The photo to the right is a close-up of the female flower bud. Inside the bud are 6 flowers. Each flower has 2 crimson styles that stick out at the top. They have areas (stigmas) that are receptive to the pollen, released from male catkins. When pollen grains land on the receptive style, pollination takes place. After pollination the flowers develop into a cluster of from 1 to 4 Hazel nuts. The red styles appear a few days after pollen has been released by the male catkins on the same tree. This avoids self fertilisation.
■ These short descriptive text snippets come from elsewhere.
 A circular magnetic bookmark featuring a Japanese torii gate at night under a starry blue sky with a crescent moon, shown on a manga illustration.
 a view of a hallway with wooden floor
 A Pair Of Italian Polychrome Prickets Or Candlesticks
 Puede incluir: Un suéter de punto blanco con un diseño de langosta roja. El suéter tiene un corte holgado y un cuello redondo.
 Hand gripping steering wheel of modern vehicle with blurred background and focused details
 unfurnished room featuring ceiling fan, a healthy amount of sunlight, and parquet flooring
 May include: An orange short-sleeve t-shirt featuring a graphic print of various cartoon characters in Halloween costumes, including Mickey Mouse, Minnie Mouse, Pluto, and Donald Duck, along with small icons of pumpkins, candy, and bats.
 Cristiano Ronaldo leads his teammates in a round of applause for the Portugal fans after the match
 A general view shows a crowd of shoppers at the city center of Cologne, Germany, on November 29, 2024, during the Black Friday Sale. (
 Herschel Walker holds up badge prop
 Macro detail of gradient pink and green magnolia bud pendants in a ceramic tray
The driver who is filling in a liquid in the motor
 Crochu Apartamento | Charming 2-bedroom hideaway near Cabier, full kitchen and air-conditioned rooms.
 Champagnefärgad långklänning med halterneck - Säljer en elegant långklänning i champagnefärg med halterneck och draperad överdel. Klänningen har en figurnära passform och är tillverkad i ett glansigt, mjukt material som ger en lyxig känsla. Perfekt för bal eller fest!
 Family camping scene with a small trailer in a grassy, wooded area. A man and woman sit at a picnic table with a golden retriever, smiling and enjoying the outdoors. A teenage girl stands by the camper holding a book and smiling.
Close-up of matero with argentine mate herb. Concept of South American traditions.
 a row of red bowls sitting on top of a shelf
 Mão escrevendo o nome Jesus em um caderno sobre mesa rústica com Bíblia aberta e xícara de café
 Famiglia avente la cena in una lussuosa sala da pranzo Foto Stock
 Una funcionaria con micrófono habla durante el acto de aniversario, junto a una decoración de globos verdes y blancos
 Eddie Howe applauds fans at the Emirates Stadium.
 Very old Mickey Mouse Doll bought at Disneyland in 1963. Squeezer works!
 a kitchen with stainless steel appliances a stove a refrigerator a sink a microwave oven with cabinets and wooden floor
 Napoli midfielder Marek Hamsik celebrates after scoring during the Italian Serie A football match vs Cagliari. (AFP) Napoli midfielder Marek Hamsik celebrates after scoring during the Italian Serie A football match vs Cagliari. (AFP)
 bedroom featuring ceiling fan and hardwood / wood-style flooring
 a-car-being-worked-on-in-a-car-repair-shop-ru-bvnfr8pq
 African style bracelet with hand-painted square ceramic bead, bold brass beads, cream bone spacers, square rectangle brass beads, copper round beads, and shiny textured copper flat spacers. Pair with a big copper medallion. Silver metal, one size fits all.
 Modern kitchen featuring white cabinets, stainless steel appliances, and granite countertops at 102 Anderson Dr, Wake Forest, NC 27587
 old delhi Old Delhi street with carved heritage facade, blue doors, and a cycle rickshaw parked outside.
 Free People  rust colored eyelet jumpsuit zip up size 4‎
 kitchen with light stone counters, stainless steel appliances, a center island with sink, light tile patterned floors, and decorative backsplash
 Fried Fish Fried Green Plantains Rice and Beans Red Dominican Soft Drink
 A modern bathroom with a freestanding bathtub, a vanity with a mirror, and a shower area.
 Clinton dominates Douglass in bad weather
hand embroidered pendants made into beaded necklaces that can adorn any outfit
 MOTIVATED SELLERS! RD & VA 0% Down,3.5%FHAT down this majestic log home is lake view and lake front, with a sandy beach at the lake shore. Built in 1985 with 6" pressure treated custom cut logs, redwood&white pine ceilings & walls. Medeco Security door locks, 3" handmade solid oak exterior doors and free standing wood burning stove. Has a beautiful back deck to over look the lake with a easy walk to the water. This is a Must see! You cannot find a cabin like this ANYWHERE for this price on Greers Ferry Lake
There are 3 deciduous oaks that you are likely to see in the wild. They are the English Oak, the Sessile Oak and the Turkey Oak. In winter you can’t identify them from a distance but if you look closely at their buds and old acorn cups you should be able to tell one from the other. All the photos shown in this post are taken from the Tree Guide UK app.
Oaks have clusters of buds at the end of each shoot.
The English Oak has buds that have fewer bud scales than those of the Sessile Oak.
These are the terminal buds of the English Oak. Each bud has a series of overlapping bud scales that protect the bud though the winter.
English Oak buds have fewer than 20 bud scales.
These are the buds of a Sessile Oak. These buds have more than 20 bud scales
This is the old acorn cup of an English Oak. You will often find them under the tree in winter. The acorn of the English Oak is on a long stalk, as shown here.
These are the old acorn cups of the Sessile Oak. These cups are not on a long stalk. They sit on the shoot, hence the name sessile.
The buds of the Turkey Oak are hidden by whiskers.
The acorns of the Turkey Oak are also whiskered. So you should always be able to identify the Turkey Oak by it whiskers.